◆ **WHAT NEEDS TO BE DONE**: Return all the data exactly, keeping the pictures out.
■ ■ ■ ■ ■
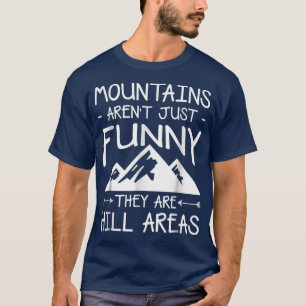 Camiseta Mountains Hiking Camping Arent Funny They Are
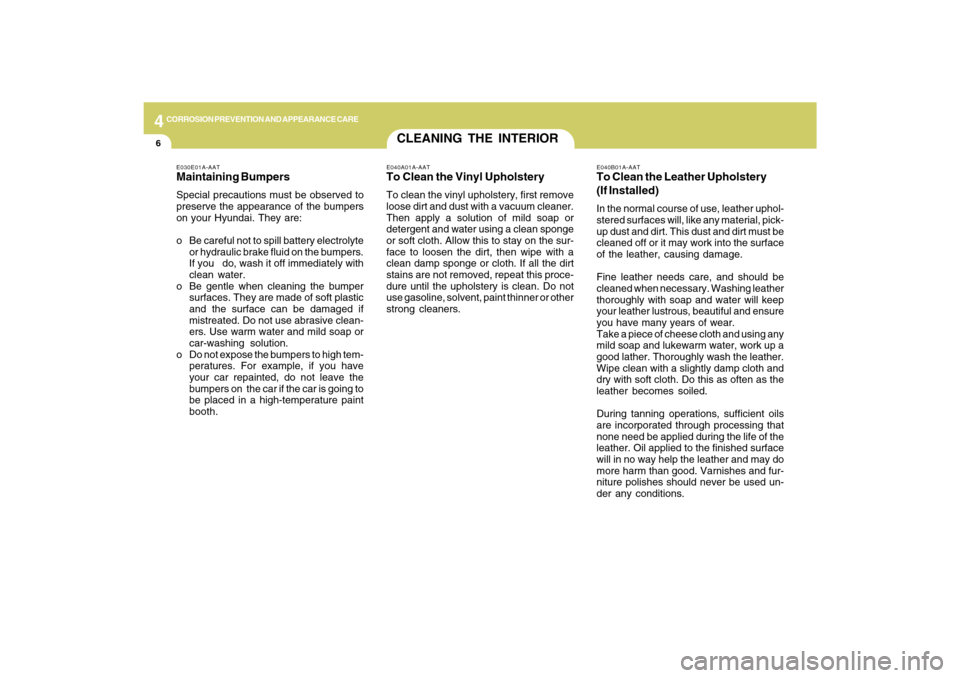 Hyundai Azera 2009 User Guide 4
CORROSION PREVENTION AND APPEARANCE CARE6
CLEANING THE INTERIOR
E040B01A-AATTo Clean the Leather Upholstery
(If Installed)In the normal course of use, leather uphol-
stered surfaces will, like any m
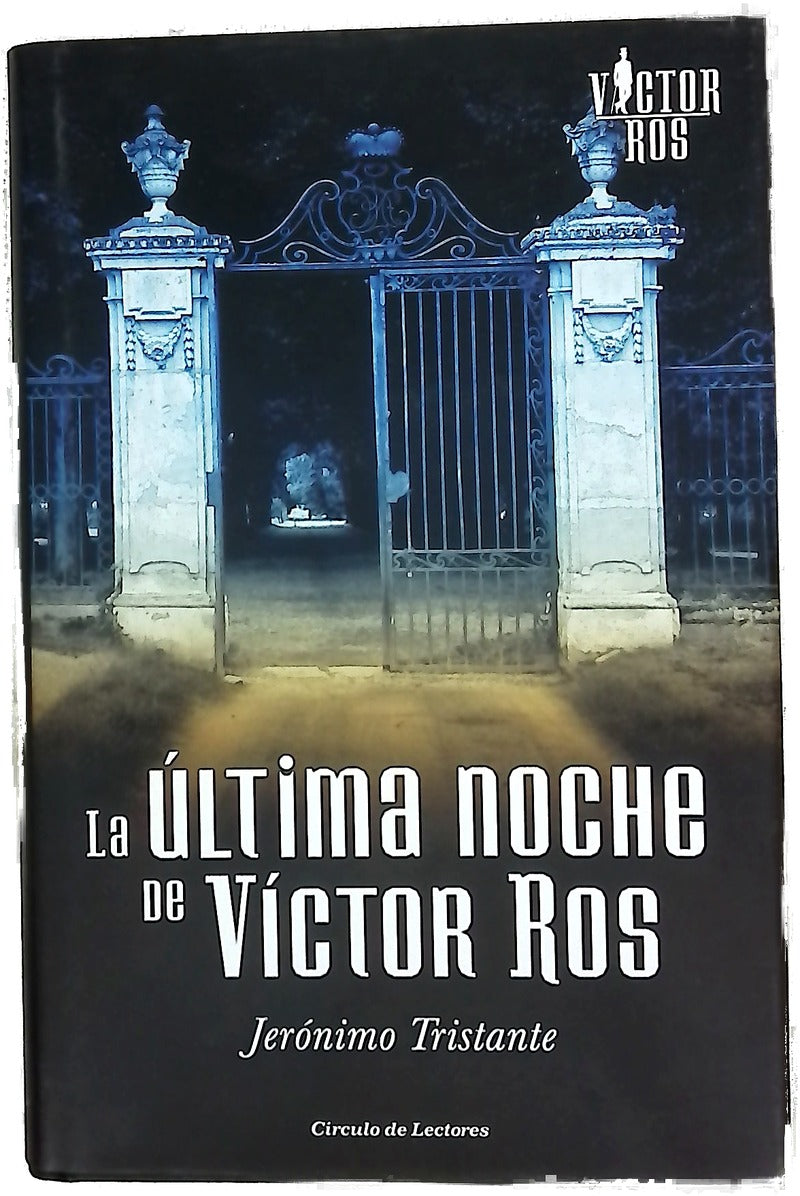 La última noche de Víctor Ros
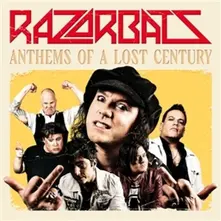 Razorbats – ANTHEMS OF A LOST CENTURY (Vinyl)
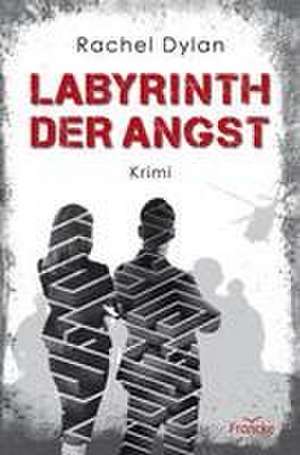 Labyrinth der Angst de Rachel Dylan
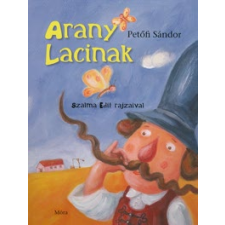 Petőfi Sándor ARANY LACINAK (LEPORELLÓ) gyermek- és ifjúsági könyv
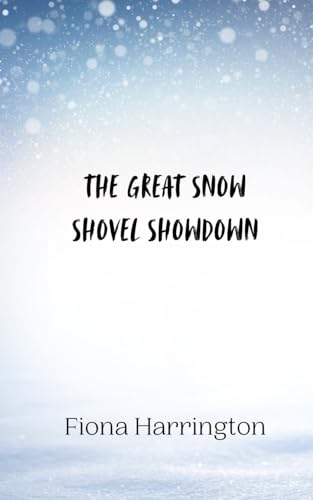 The Great Snow Shovel Showdown The Great Snow Shovel Showdown von Creative Arts Management OÜ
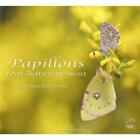 Couverture du livre « Papillons tout naturellement » de Lorraine Bennery aux éditions Oiseau Plume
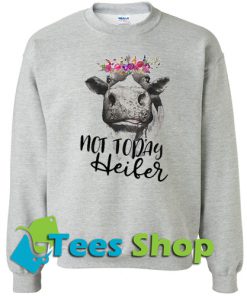 Cow not today heiber Sweatshirt
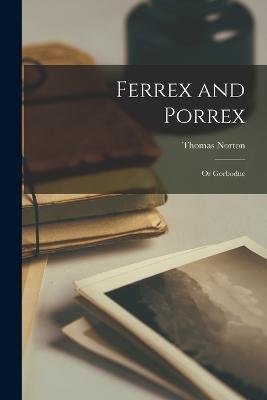 Ferrex and Porrex; or Gorboduc - Norton, Thomas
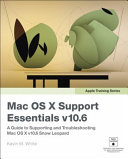 Mac OS X support essentials v10.6 : [a guide to supporting and troubleshooting Mac OS X v10.6 Snow Leopard] /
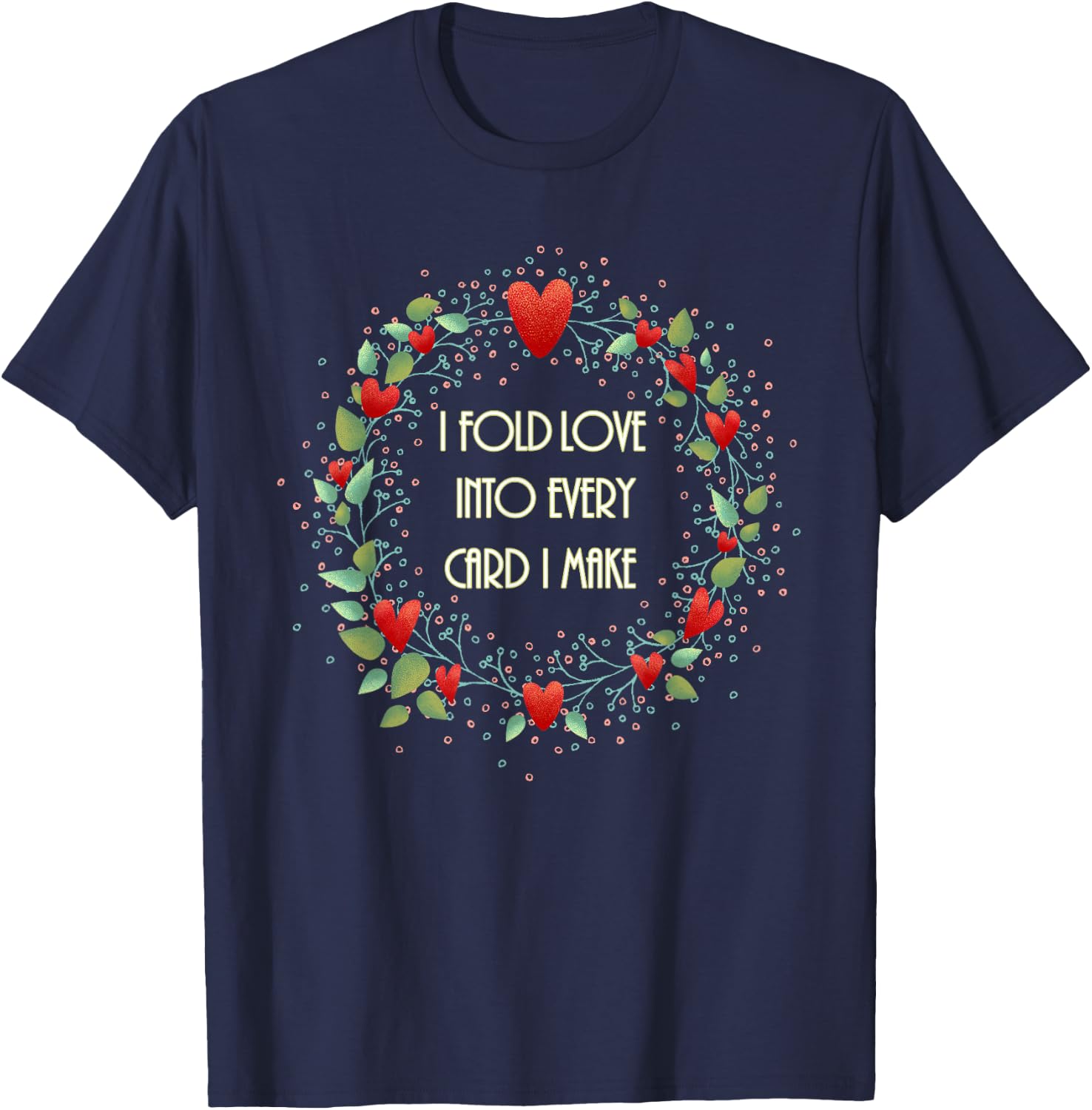 Cardmaking Card Making I Fold Love into Every Card I Make T-Shirt - T-Shirt | Navy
■ ■ ■ ■ ■
◆ **YOUR SOLUTION**:
 Camiseta Mountains Hiking Camping Arent Funny They Are
 Hyundai Azera 2009 User Guide 4
CORROSION PREVENTION AND APPEARANCE CARE6
CLEANING THE INTERIOR
E040B01A-AATTo Clean the Leather Upholstery
(If Installed)In the normal course of use, leather uphol-
stered surfaces will, like any m
 La última noche de Víctor Ros
 Razorbats – ANTHEMS OF A LOST CENTURY (Vinyl)
 Labyrinth der Angst de Rachel Dylan
 Petőfi Sándor ARANY LACINAK (LEPORELLÓ) gyermek- és ifjúsági könyv
 The Great Snow Shovel Showdown The Great Snow Shovel Showdown von Creative Arts Management OÜ
 Couverture du livre « Papillons tout naturellement » de Lorraine Bennery aux éditions Oiseau Plume
 Cow not today heiber Sweatshirt
 Ferrex and Porrex; or Gorboduc - Norton, Thomas
 Mac OS X support essentials v10.6 : [a guide to supporting and troubleshooting Mac OS X v10.6 Snow Leopard] /
 Cardmaking Card Making I Fold Love into Every Card I Make T-Shirt - T-Shirt | Navy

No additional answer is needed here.